Encore plus quand plusieurs hauts dirigeants de l’organisation ont été assassinés ces dernières semaines lors des bombardements israéliens sur la banlieue sud de Beyrouth.
Parmi ces responsables figurait notamment Hachem Safieddine, un temps pressenti pour succéder à Nasrallah, mais tué début octobre.
Parlant français et anglais, né à Beyrouth dans une famille originaire de Kfar Fila, un village du sud du Liban, M. Qassem accordait régulièrement des entretiens aux médias avant la guerre ouverte entre Israël et le Hezbollah qui dure depuis plus d’un mois.
Si Hassan Nasrallah n’était quasiment plus apparu en public depuis la dernière guerre avec Israël en 2006 et gardait secret son lieu de résidence, Naïm Qassem était l’un des rares cadres du Hezbollah à s’afficher librement en public.
Outre ses fonctions protocolaires, il gérait aussi les questions politiques et les dossiers parlementaires et gouvernementaux, confie à l’AFP une source de son entourage.
– « Fils de Nasrallah » –
Mais depuis la récente escalade israélienne, il n’est plus apparu en public.
Il s’est contenté de prononcer trois allocutions pré-enregistrées et diffusées par la chaîne Al-Manar du Hezbollah, affirmant dans chacune d’elles que les partisans du Hezbollah sont « les fils de Nasrallah ».

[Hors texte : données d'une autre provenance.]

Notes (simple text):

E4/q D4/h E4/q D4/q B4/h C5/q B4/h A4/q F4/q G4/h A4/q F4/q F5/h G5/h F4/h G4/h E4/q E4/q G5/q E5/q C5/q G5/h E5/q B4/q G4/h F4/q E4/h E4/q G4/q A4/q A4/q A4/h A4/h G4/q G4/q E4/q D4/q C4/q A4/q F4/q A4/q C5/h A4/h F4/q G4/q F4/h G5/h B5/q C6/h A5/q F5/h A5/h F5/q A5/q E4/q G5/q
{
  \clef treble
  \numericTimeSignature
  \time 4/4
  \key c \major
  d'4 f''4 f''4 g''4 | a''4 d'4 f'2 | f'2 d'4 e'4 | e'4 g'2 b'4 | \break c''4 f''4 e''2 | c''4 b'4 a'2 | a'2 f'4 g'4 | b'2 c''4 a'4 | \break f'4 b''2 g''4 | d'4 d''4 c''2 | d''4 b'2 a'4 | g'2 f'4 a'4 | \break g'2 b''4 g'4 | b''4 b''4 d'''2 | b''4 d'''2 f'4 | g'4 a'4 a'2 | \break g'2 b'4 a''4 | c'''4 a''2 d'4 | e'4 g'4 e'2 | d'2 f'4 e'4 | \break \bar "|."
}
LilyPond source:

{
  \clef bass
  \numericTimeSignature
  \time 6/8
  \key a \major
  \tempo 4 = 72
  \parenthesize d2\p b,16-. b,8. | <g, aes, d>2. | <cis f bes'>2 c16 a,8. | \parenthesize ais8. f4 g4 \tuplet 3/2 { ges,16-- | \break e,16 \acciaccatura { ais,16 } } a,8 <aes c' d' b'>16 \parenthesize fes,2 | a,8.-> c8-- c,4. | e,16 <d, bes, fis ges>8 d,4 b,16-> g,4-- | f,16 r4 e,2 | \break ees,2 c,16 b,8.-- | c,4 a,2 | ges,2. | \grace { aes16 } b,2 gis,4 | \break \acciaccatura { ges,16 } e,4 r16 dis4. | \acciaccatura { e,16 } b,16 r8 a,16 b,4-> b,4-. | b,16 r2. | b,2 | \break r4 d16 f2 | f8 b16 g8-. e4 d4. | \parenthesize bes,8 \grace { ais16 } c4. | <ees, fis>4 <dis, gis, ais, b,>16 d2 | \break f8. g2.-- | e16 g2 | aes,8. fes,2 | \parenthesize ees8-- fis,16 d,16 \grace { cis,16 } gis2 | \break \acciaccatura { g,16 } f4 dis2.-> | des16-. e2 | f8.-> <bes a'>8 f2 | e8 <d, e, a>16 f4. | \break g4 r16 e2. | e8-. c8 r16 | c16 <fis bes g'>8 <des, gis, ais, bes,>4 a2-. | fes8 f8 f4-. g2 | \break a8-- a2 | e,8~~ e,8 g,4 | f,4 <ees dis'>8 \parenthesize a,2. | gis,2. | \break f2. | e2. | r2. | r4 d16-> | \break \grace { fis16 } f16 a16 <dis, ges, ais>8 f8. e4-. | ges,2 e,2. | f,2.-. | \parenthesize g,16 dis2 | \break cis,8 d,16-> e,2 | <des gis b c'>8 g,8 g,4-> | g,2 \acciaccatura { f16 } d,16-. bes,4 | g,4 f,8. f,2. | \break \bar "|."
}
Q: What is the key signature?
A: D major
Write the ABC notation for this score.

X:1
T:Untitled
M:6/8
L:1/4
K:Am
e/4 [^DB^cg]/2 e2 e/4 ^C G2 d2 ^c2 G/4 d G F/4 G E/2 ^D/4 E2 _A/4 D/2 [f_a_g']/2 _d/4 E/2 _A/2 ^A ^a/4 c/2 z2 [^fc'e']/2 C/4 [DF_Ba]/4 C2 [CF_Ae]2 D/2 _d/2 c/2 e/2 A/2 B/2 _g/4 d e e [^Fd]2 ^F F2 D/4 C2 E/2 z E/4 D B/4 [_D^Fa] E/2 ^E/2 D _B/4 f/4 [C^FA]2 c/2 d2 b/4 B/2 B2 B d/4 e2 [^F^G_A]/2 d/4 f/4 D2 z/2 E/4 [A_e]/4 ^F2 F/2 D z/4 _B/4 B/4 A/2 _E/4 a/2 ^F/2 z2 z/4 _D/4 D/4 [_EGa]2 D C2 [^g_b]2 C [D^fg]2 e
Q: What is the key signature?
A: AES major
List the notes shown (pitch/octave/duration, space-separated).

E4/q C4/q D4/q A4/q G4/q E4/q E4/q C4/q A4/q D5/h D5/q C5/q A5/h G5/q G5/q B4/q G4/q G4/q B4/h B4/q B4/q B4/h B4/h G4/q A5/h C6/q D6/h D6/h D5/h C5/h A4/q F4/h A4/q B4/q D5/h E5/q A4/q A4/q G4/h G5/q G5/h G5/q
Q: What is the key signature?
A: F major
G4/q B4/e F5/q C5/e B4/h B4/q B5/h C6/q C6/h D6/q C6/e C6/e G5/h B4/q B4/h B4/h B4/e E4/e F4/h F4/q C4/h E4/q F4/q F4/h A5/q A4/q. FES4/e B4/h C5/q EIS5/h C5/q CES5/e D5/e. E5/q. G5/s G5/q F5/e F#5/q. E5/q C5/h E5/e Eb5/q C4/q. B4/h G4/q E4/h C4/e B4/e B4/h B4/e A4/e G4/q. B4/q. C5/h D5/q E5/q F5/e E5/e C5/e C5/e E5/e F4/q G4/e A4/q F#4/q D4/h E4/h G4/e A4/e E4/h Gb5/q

Moins charismatique que Hassan Nasrallah, il favorise des discours au ton sobre, lus en arabe classique, contrairement à l’ancien chef du Hezbollah, qui s’exprimait face caméra, dans des diatribes enflammées en dialecte libanais, parfois ponctuées d’ironie mordante.
Avant de fonder le Hezbollah, Naïm Qassem avait rallié les rangs de l’autre grand mouvement chiite, Amal.
Marié et père de six enfants, ce diplômé de chimie de l’Université libanaise a enseigné dans des lycées publics durant six ans, selon sa biographie officielle.
Né en 1953, il a publié de nombreux livres d’éducation religieuse ainsi que des essais sur la politique, toujours selon son site officiel.
Il possède un réseau d’écoles principalement fréquentées par sa communauté, assistant chaque année aux cérémonies de remises de diplômes.
Tandis que les frappes israéliennes pleuvaient implacablement sur les fiefs du Hezbollah, faisant des centaines de morts, il s’est adressé aux Israéliens à la mi-octobre.
« La solution » qui permettrait le retour chez eux des habitants du nord d’Israël, déplacés par les tirs du Hezbollah depuis un an, était « un cessez-le-feu », avait-il dit, menaçant, sinon, de frapper « partout » en Israël.
Fin septembre, une semaine avant l’assassinat de Hassan Nasrallah, il participait aux funérailles du « grand commandant » Ibrahim Aqil, autrefois à la tête de la force d’élite du Hezbollah.
« Les menaces ne nous arrêteront pas: nous sommes prêts à tous les scénarios militaires » face à Israël, tonnait-il alors.